_TASK MATERIAL_
◆ ◆ ◆

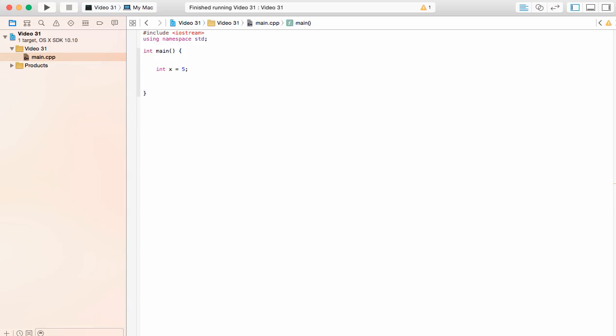So how can we find the memory address of x? How can we find where exactly on our memory we have allocated space for x? We do this with the memory address operator and it's represented by one ampersand.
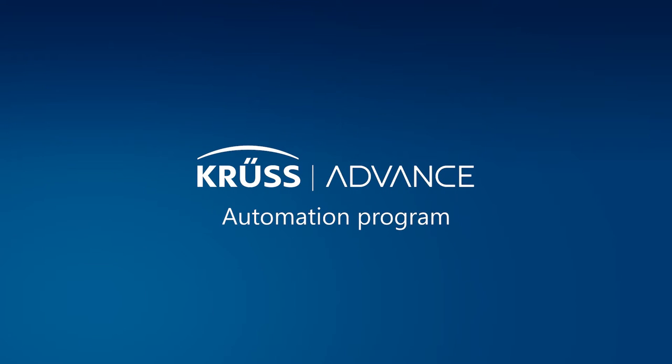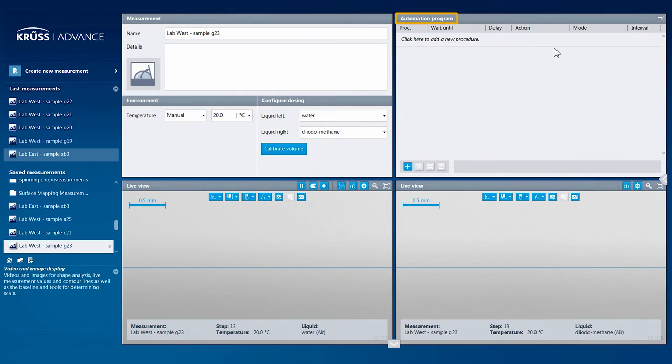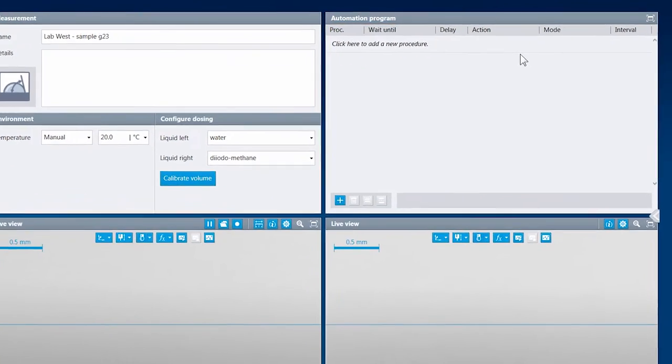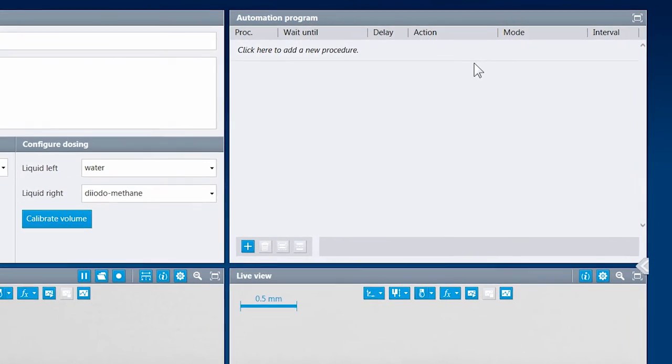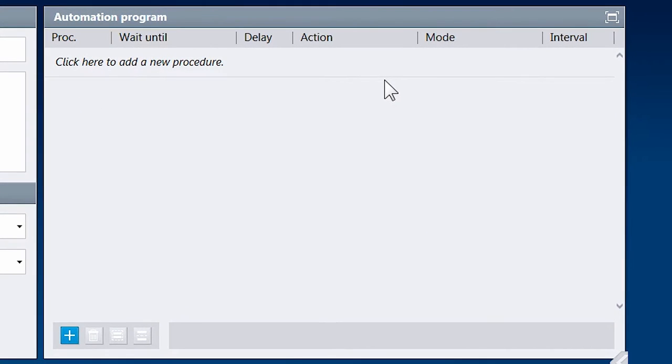To minimize result deviation, Advance includes an automation program which makes measurements completely user-independent, faster, and more convenient. The automation program is made up of a series of procedures. Each procedure is defined by the five elements: wait until, delay, action, mode, and interval, which offer enormous flexibility when programming your measurement automation.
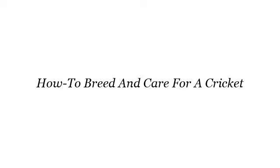Hi. So you want to know more about how to breed and care for a cricket? These are the best resources we could find on the web.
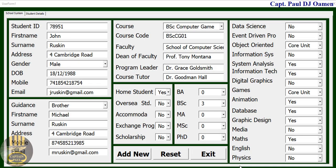Hi and welcome to Excel VBA School Management System. Let me show you how this works. Here we get the details of the candidate, the student, guidance details, information about the course, and information about the modules.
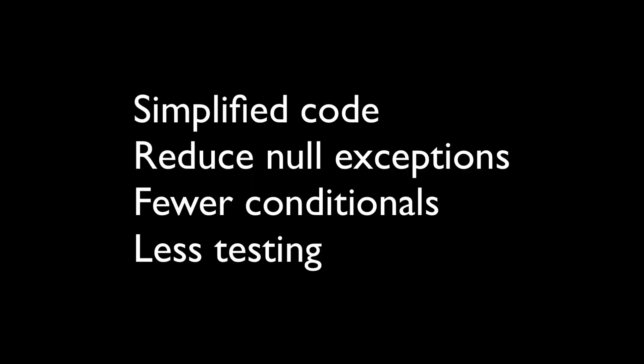Let's check against the goals which we set ourselves at the beginning of this recording. We've simplified our code. We've reduced the likelihood of null exceptions. We have fewer conditionals and therefore there is less testing required.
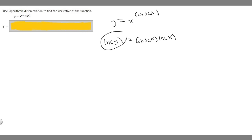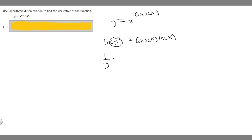Now we want to find the derivative, since we're asked to find y prime. Taking the derivative of the ln of y: the derivative of ln of x is 1 over x, but here we're differentiating with respect to y, so we get 1 over y. Then we multiply by the derivative of y, which is y prime. So the left side becomes y prime over y.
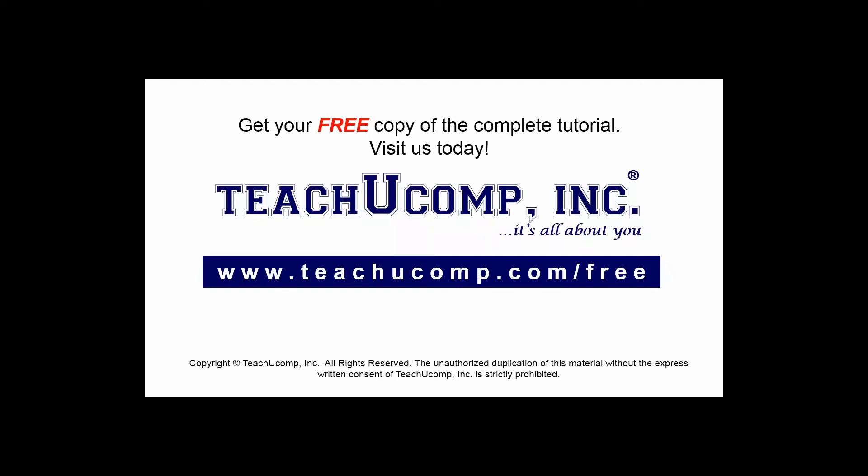Get your free copy of the complete tutorial at www.teachucomp.com/free.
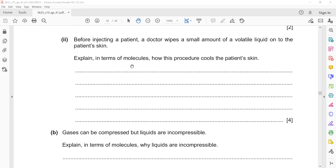The next question: before injecting a patient, a doctor wipes a small amount of volatile liquid — a liquid which can easily convert into vapor, or a liquid which has a low boiling point — on the patient's skin.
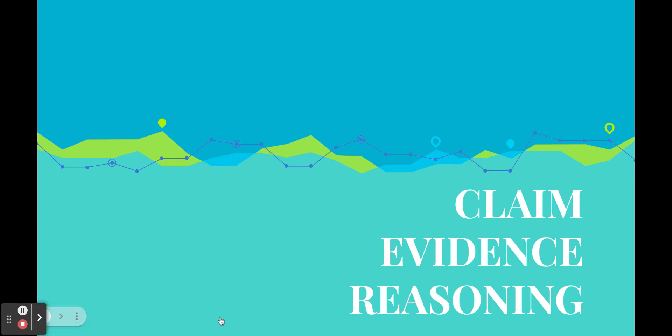All right scientists, today we are going to talk about CER, also known as Claim Evidence Reasoning. This is something we use in science to make our writing really powerful, and so it's a nice quick tip to be able to use whatever you have to communicate information in science.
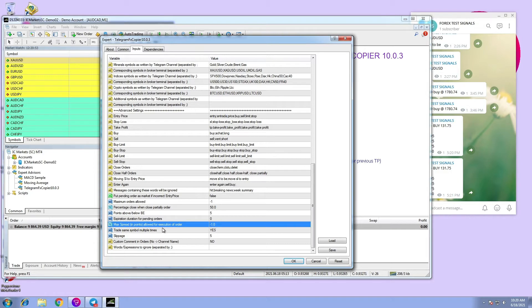By default, the option is set to minus 1.0 points, which means no spread limitation.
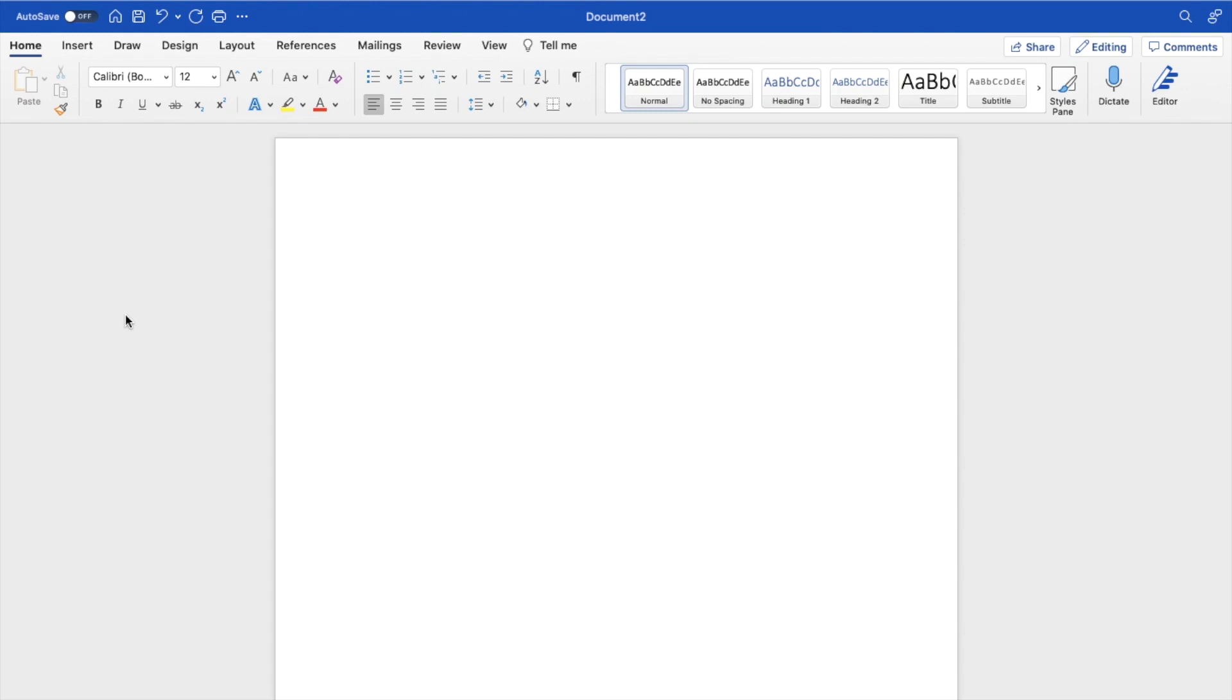So in this Microsoft Word tutorial video, I am going to be showing you how to insert a pyramid inside of Microsoft Word.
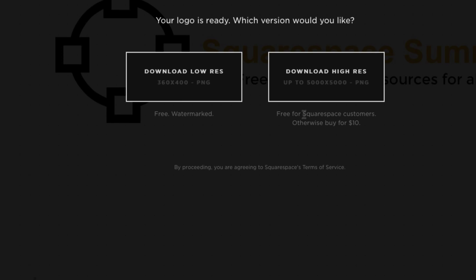But if you read right under this button, it is free for Squarespace customers. Otherwise, if you're not a Squarespace customer, you can still get this logo design for just $10. And if you compare $10 to the hundreds upon hundreds of dollars that you would normally spend on a good logo design, you're getting a steal.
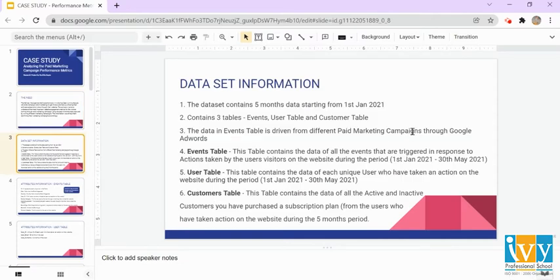The dataset that we are going to use here contains five months of data starting from 1st January 2021. The dataset contains three tables: the events table, user table, and the customers table. The data in the events table is driven from different paid marketing campaigns through Google Adwords. The events table contains data of all the events that are triggered in response to actions taken by users and visitors on the website during the period from 1st January to 30th May 2021.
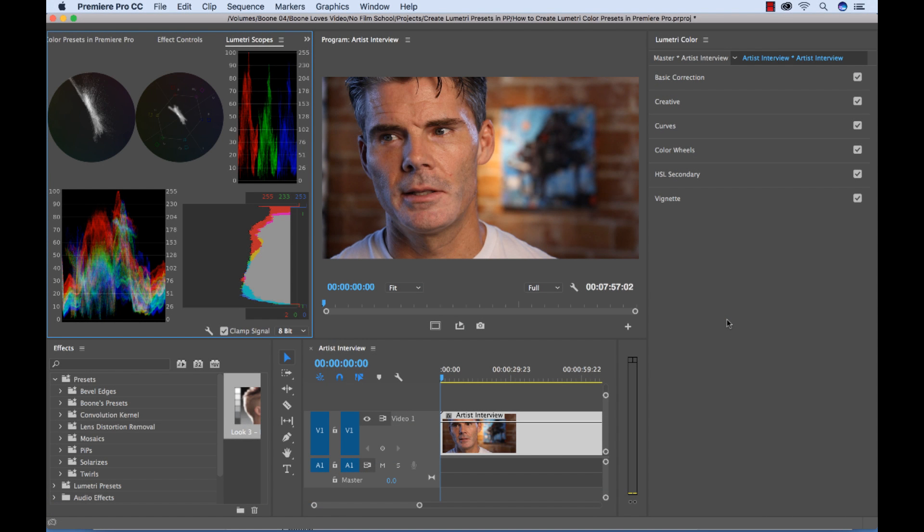What's up, everybody? How's it going? Today, I'm going to show you how to create Lumetri Color Presets in Adobe Premiere Pro.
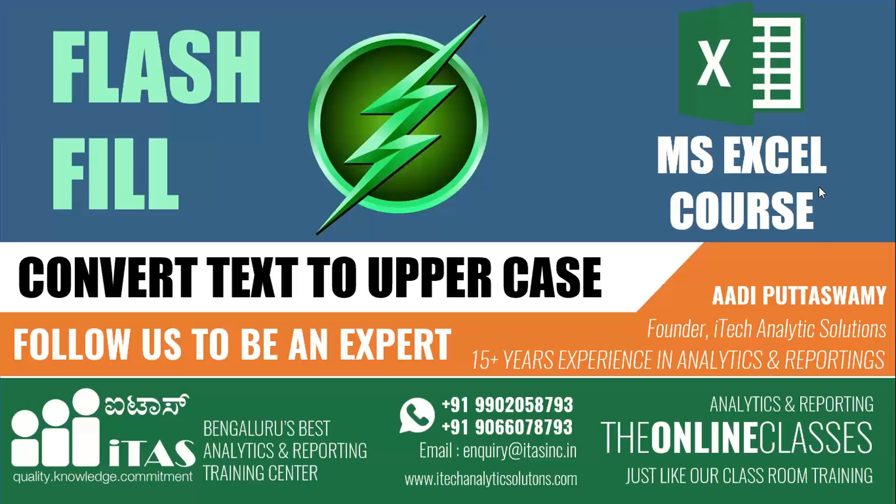Hello everyone, welcome to Analytics Solutions channel. In this chapter, we'll learn how to convert text to uppercase.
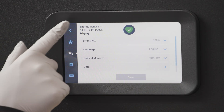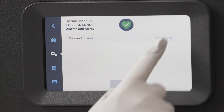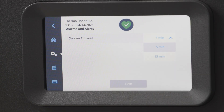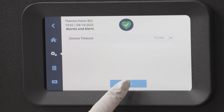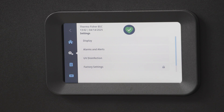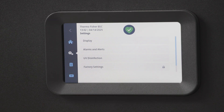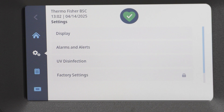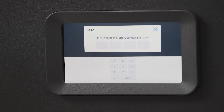Through the alarm and alert setting, you can change the snooze time from 1 to 15 minutes, and finally access areas that require administrator privileges. With proper access, factory setting adjustments can be made from here, and velocity as an alarm can be altered by the field certifier.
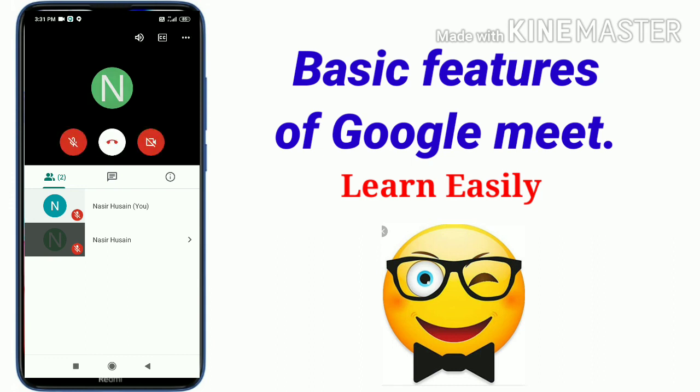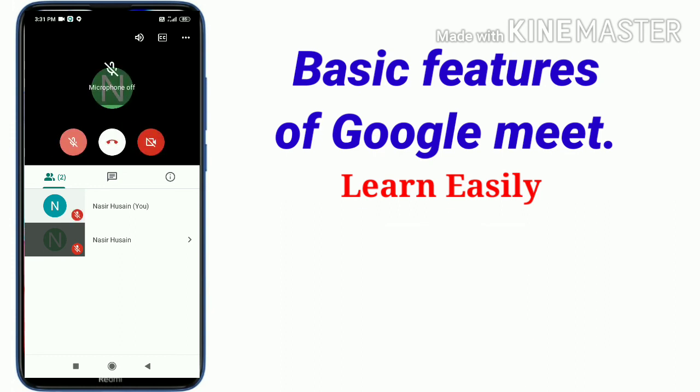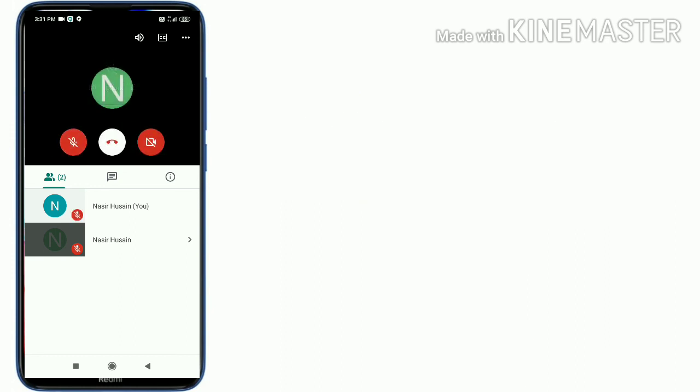And this was the basic features of Google Meet. Thank you for watching.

◆ ◆ ◆

Only one stretch of the entries above is needed: the lines from the one containing "Hi. So you want" through the one containing "So in this Microsoft". Copy it exactly, without the pictures.

Hi. So you want to know more about how to breed and care for a cricket? These are the best resources we could find on the web.
Hi and welcome to Excel VBA School Management System. Let me show you how this works. Here we get the details of the candidate, the student, guidance details, information about the course, and information about the modules.
Let's check against the goals which we set ourselves at the beginning of this recording. We've simplified our code. We've reduced the likelihood of null exceptions. We have fewer conditionals and therefore there is less testing required.
Now we want to find the derivative, since we're asked to find y prime. Taking the derivative of the ln of y: the derivative of ln of x is 1 over x, but here we're differentiating with respect to y, so we get 1 over y. Then we multiply by the derivative of y, which is y prime. So the left side becomes y prime over y.
Get your free copy of the complete tutorial at www.teachucomp.com/free.
The next question: before injecting a patient, a doctor wipes a small amount of volatile liquid — a liquid which can easily convert into vapor, or a liquid which has a low boiling point — on the patient's skin.
All right scientists, today we are going to talk about CER, also known as Claim Evidence Reasoning. This is something we use in science to make our writing really powerful, and so it's a nice quick tip to be able to use whatever you have to communicate information in science.
By default, the option is set to minus 1.0 points, which means no spread limitation.
So in this Microsoft Word tutorial video, I am going to be showing you how to insert a pyramid inside of Microsoft Word.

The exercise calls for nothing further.